Para os que possuem memória curta ou seletiva, recorda-se que a ITV portuguesa vivia momentos difíceis então, confrontada com um conjunto de choques competitivos avassaladores – liberalização do comércio têxtil internacional, entrada da China na OMC  (Organização Mundial do Comércio), adopção do euro como moeda e alargamento da União Europeia ao leste do continente – que a projetaram num declínio acelerado e que parecia irreversível e fatal.

A fusão das duas organizações, que, através da ATP passaram a representar a maioria da indústria têxtil e vestuário portuguesa foi um vigoroso sinal dado ao Poder e à sociedade em geral  de que o sector se dispunha a “vender caro a pele”, que “não ia entregar os pontos” e que tudo faria para resistir a um destino, que as circunstâncias e alguns decisores políticos, no exterior e no país, lhe vaticinavam como fatal. Mas, mais importante do que isso, foi um sinal para dentro de sector que testemunhava existir uma organização disposta a lutar pelos seus interesses e anseios, com argumentos e recursos, sobretudo liderança assertiva, fosse em Lisboa, em Bruxelas, Washington ou Pequim.
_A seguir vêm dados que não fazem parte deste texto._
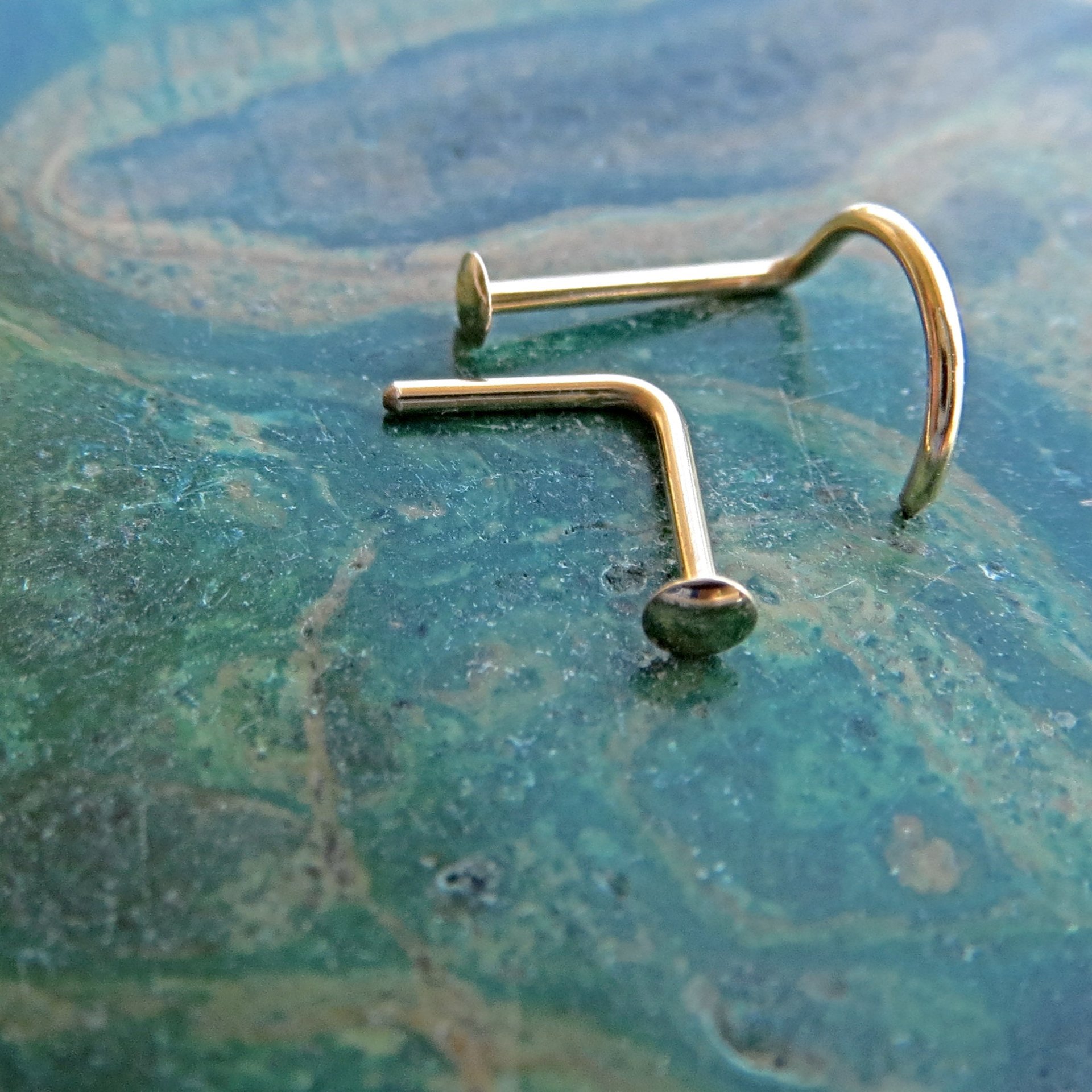 Gold Nose Stud - Small, 14k Gold Filled Nose Ring, 22g Gold Nose Screw, L-Bend, Straight, or Fishtail - 100% Made in the USA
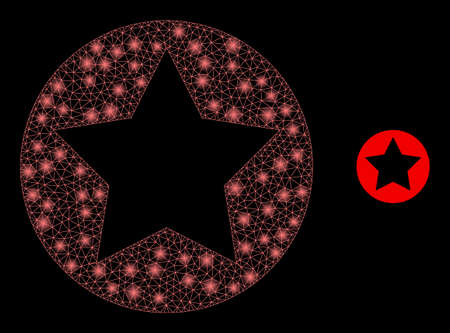 Glossy polygonal mesh net rounded star icon with glare effect on a black background. Network rounded star iconic vector with glowing spheres in majestic colors.のイラスト素材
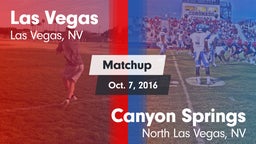 Matchup: Las Vegas High vs. Canyon Springs  2016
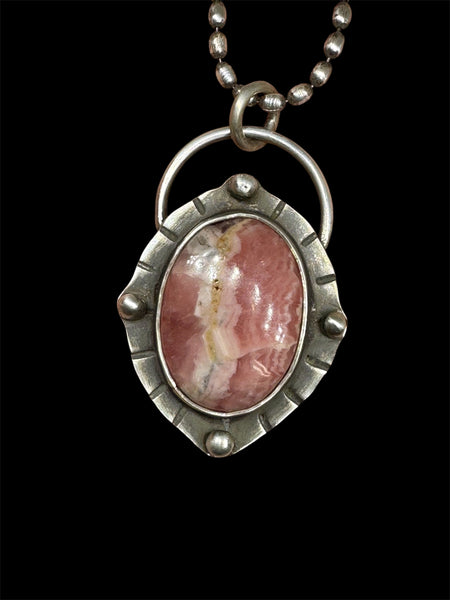 Rhodochrosite and sterling pendant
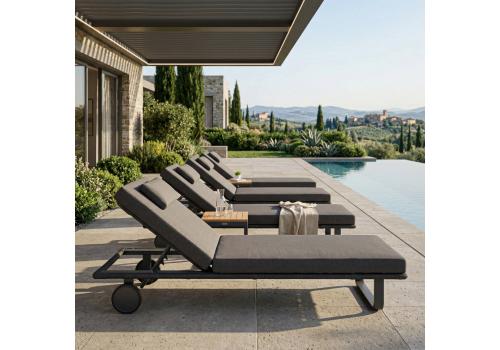  Шезлонг КОСТА С на колесах, каркас карбон, матрас антрацит (с подушкой), фото 2 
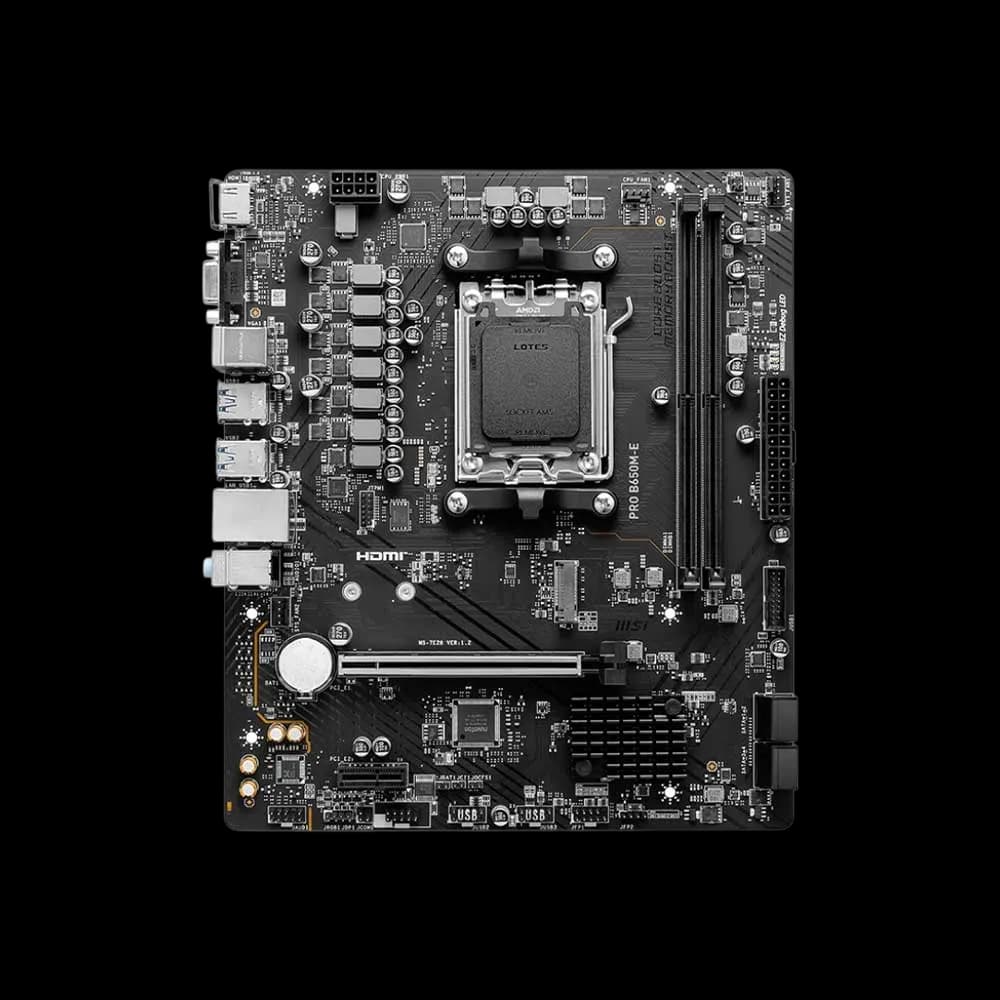 MSI PRO B650M-E Motherboard, Micro-ATX - Supports AMD Ryzen 9000/8000/7000 Series Processors, AM5 - DDR5 Memory Boost 6800+MHz/OC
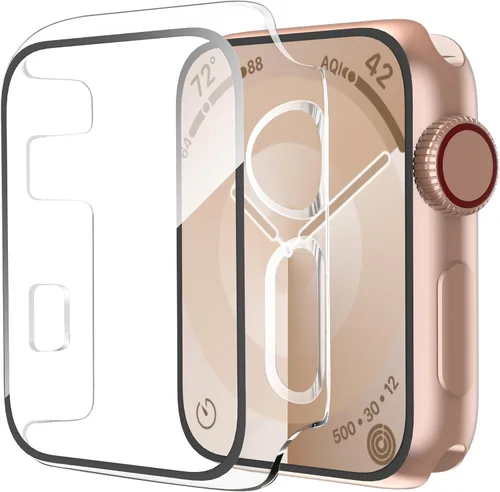 Vista 21 de Smiling Paquete de 2 fundas compatibles con Apple Watch Serie 3/Serie 2 de 1.49 pulgadas, protector de pantalla vidrio templado, carcasa rígida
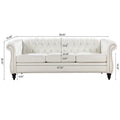 Cream 84.65 Traditional Chesterfield 3-Seater Sofa in PU Leather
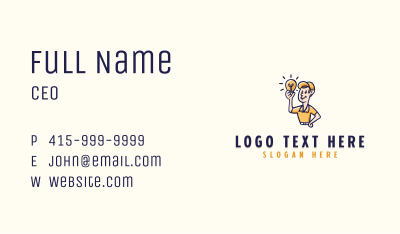 Electrician Light Bulb Business Card Image Preview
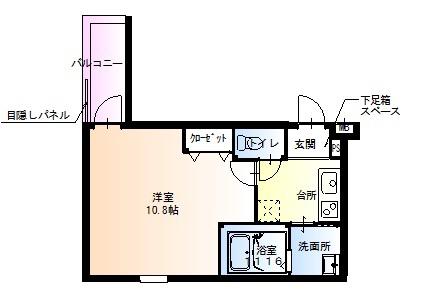 フジパレス湯里V番館(1K/3階)の間取り写真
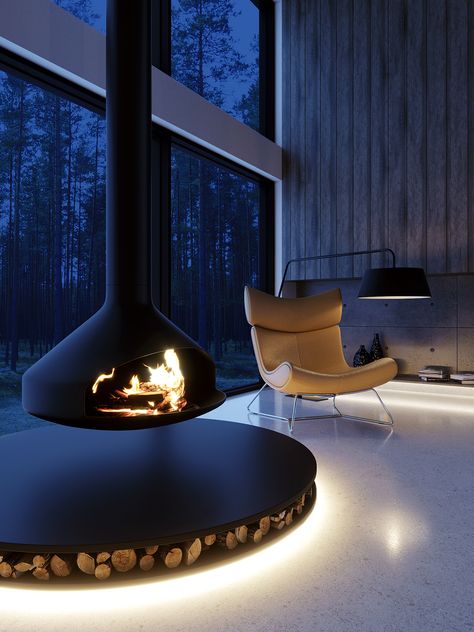 House in the woods on Behance Suspended Fireplace, Expensive Decor, Top Furniture, Home Decor Online, Bed Sets, Fireplace Design, Metal Homes, Best Interior Design, House In The Woods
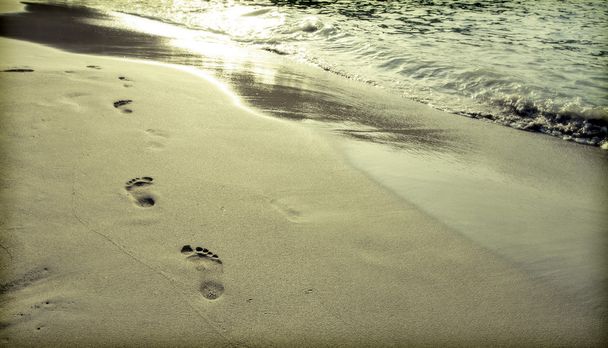 Kroki w piasku - Zdjęcie, obraz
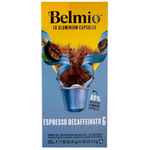 Belmio Espresso Decaffeinato drink capsules, 10-count, showcasing the packaging with coffee capsules for decaffeinated espresso.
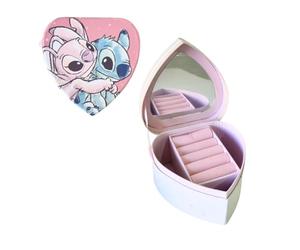 ARDITEX, Joyero Stitch, con Forma de Corazón, Caja para Regalo de Cartón Perfecta como Cajita de Dientes o Joyas, Fotografías y Manualidades, Costura, Pequeños objetos., 12X12X7 Cm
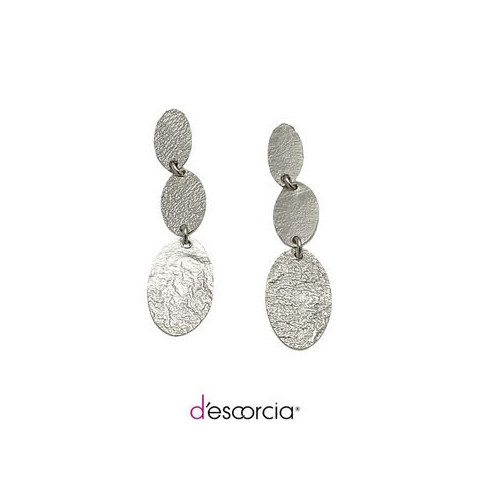 Aretes de tres óvalos de plata .925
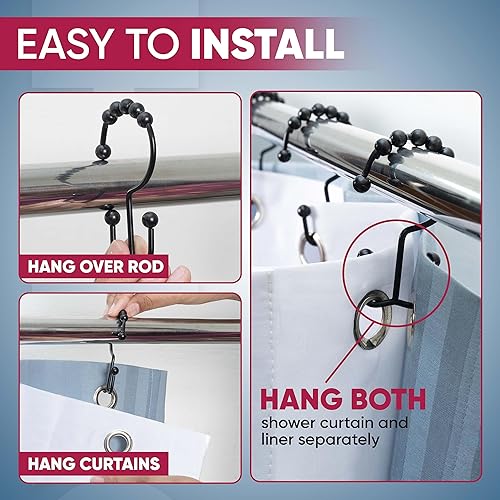 Miniatura 4 de Ganchos para cortina de ducha a prueba de óxido (juego de 12)  Anillos de cortina de ducha de acero inoxidable  Bolas antideslizantes para un fácil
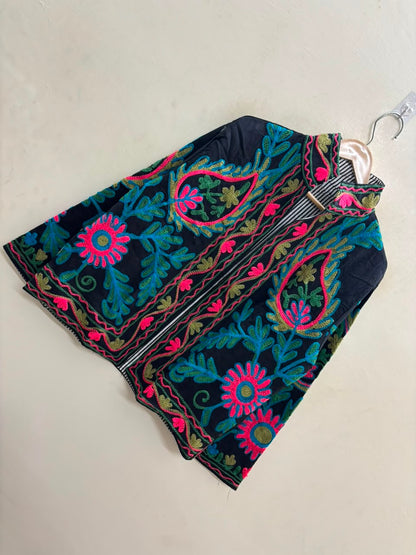 The Samarkand Bloom — Suzani Hand-Embroidered Cotton Jacket — Midnight Black with Teal, Fuchsia & Olive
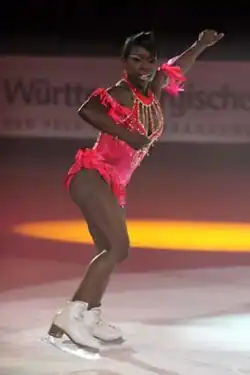 Surya Bonaly performs on ice.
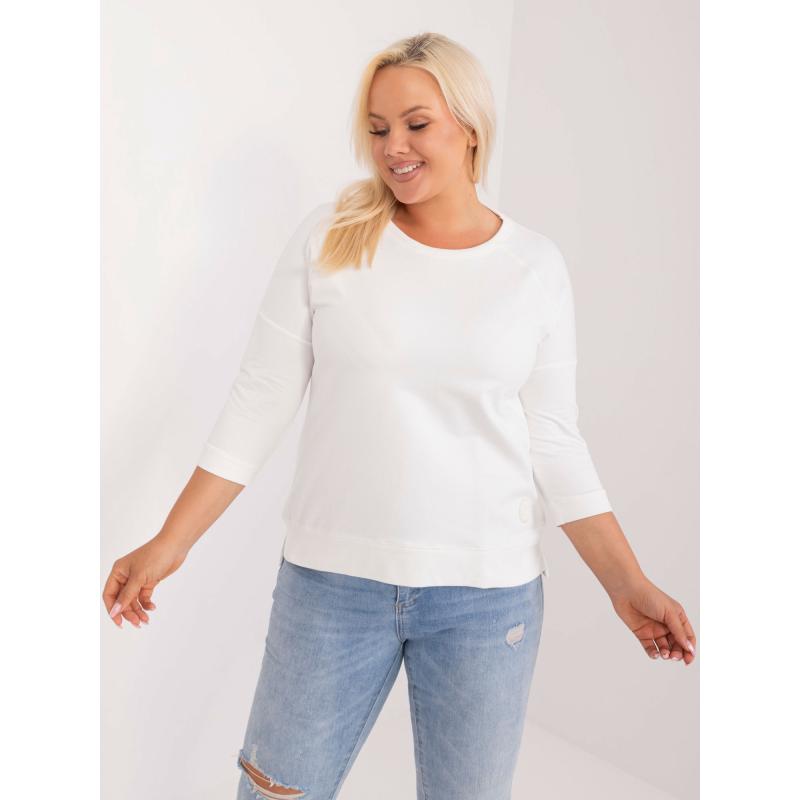 Női plus size pamut blúz ekrü színben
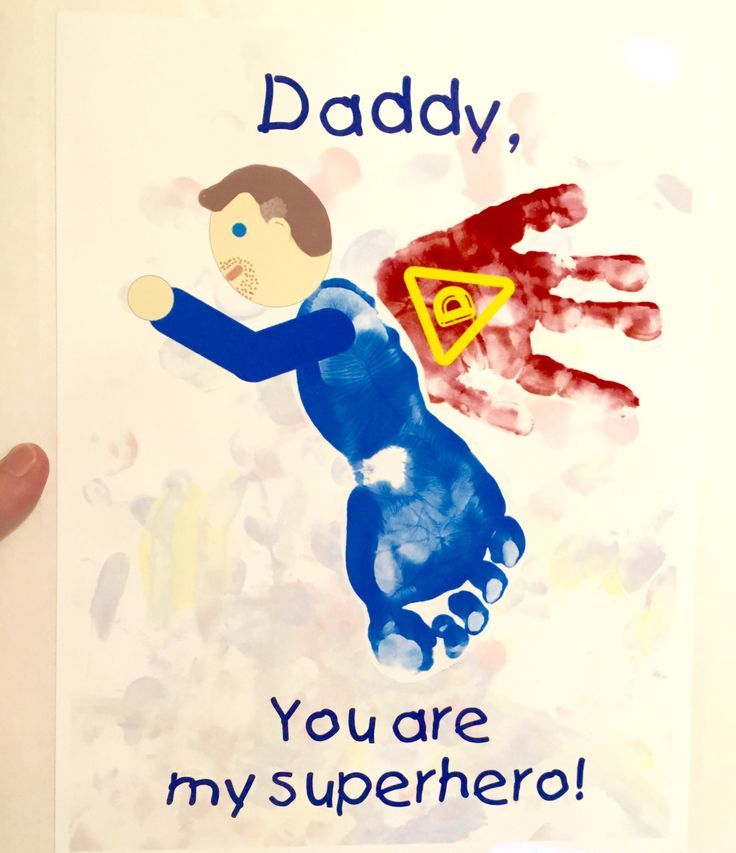 a father's day card with his handprinted dad and son holding up the sign that says, you are my superhero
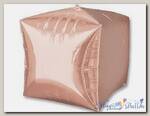 Шар 3D КУБ 15 Б/РИС Металлик Rose Gold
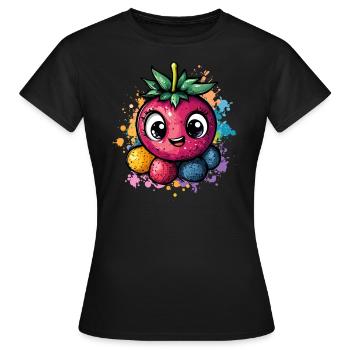 La joie des baies avec les yeux - T-shirt Femme - noir - Devant - AI Model Female 172 dark (172cm)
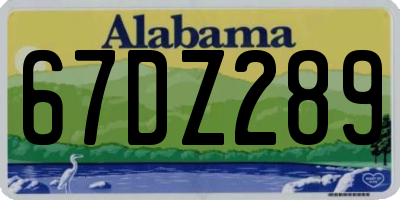 AL license plate 67DZ289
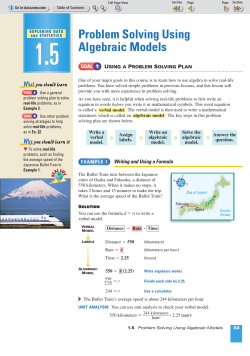 Problem Solving Using Algebraic Models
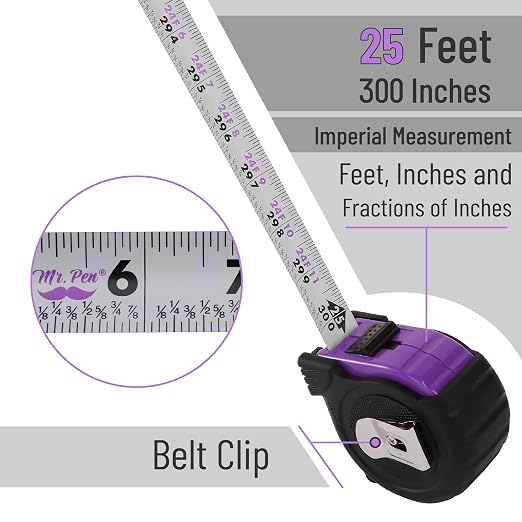 Mr. Pen- Retractable Tape Measure 25 ft, Easy Read | Steel Retractable - Image 3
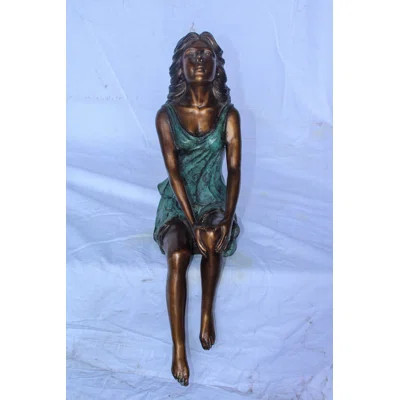 Nifao Collection Graceful Young Woman Sitting on the Ledge Bronze Statue 13" x 7" x 23"H | Wayfair North America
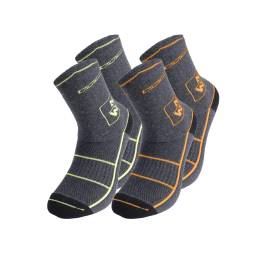 Lot de 2 Paires de Chaussettes de Travail Anker - Taille 43/46 - Anthracite/Jaune/Camel - Résistant et Confortable - D-Work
Se não tivesse existido, nesse momento, uma ATP com sentido de missão e orientação estratégica, que possibilitou, em conjunto com a ITKIB (Turquia) e a NTCO (USA), a criação da GAFTT – Global Alliance for Fair Textile Trade, que se apresentou, através da “Declaração de Istambul”, como uma verdadeira barreira à hegemónica apropriação do negócio têxtil global pela China, possivelmente muitas das empresas que ainda compõem o sector em Portugal não existiriam, nem tão-pouco teria sido criada a oportunidade para se realizar, com mais tempo e preparação, a reestruturação de toda a indústria e a sua reinvenção para uma competição assente na diferenciação pelo valor e não pelo preço.

Hoje, quando já tudo parece distante, quando os ventos parecem soprar mais de feição, há mais quem se posicione, esquecendo convenientemente este histórico, a defender a divisão em vez da união, não se descortinando quais os argumentos de tal opção, os quais certamente não podem invocar o interesse do sector, dos subsectores que o compõem e das empresas que neles se integram.

Uma só voz, uma só liderança, um só interlocutor e uma só estratégia, confeririam à Indústria Têxtil e Vestuário portuguesa uma importância ainda maior, mais visibilidade, respeito e reconhecimento acrescidos. Ninguém parece duvidar disso, lamentando-se apenas a acomodação do sector, que espera que os outros façam aquilo que ele reclama em particular, mas sem oferecer o trabalho e a responsabilidade dessa implicação, que tem de impor publicamente.

Perante tudo isto, mesmo quando os ventos da história nos confundem, temos presente que as utopias pelas quais lutamos, apesar de não estarem realizadas, permanecem objetivos colectivos a realizar, pelo que devemos apelar à persistência e ancorar-nos na tenacidade da razão que nos assiste para não desistirmos desse desígnio. Nesta data, como há quinze anos atrás, ou daqui a quinze se o destino assim ainda o quiser.